Why can’t society accept the acquittal of those who are accused of committing blasphemy? Religious fanatics have killed 52 people, who were accused of blasphemy but not convicted. Some of them were either killed in police lock-up or in the court premises.

We are an angry nation. We need to vent our anger and we do it by such destructive and devastating acts.

The right wing maintains that blasphemy laws can never be abolished or amended. Do you think so too?

The language of this law has so many negative innuendos. It does not look at the matter in a mature way. There is no mens rea [a criminal intention or knowledge that an act is wrong] in such cases, which exists in other criminal cases. For example, a child can say something which, he/she has no idea, can be construed as blasphemous. I got bail for an insane woman, who used to abuse everyone. The mens rea is totally absent in such cases.

The right wing argues that all other laws are misused, so let the blasphemy laws be misused too. But there is huge difference between the misuse of other laws and the blasphemy laws. Other laws are misused without emotion. But in blasphemy cases, emotions run so high that people feel no guilt in killing others in the name of love for the Prophet (PBUH). Moreover, whenever a law is legislated in the name of religion, it is very difficult to abolish or amend it. Britain got rid of the blasphemy laws after a tough struggle. However, the law still exists in the common law of Northern Ireland. Religious legislation is always very emotional.
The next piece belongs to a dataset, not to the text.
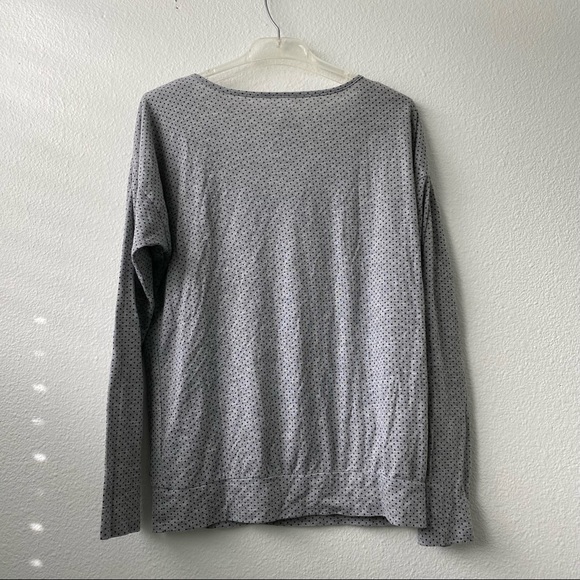 Volcom Grey with Black Polkadot V-Neck Top. Small - Picture 3 of 6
So, people will continue to kill each other in the name of religion, and one shouldn’t expect any good news on that, score?

There can be good news if the judiciary starts handling blasphemy cases with maturity, and if the prosecution starts acting responsibly. In my opinion, the trial of all blasphemy cases should begin in the High Courts. The judges in the lower courts have no idea about the law. If this suggestion is accepted and implemented in letter and spirit, you will see an improvement.

Do you think a High Court trial is the solution?

Well, in some ways it can provide relief but eventually there is no option but to change the law.

Mohammad Shehzad is an Islamabad-based journalist and researcher.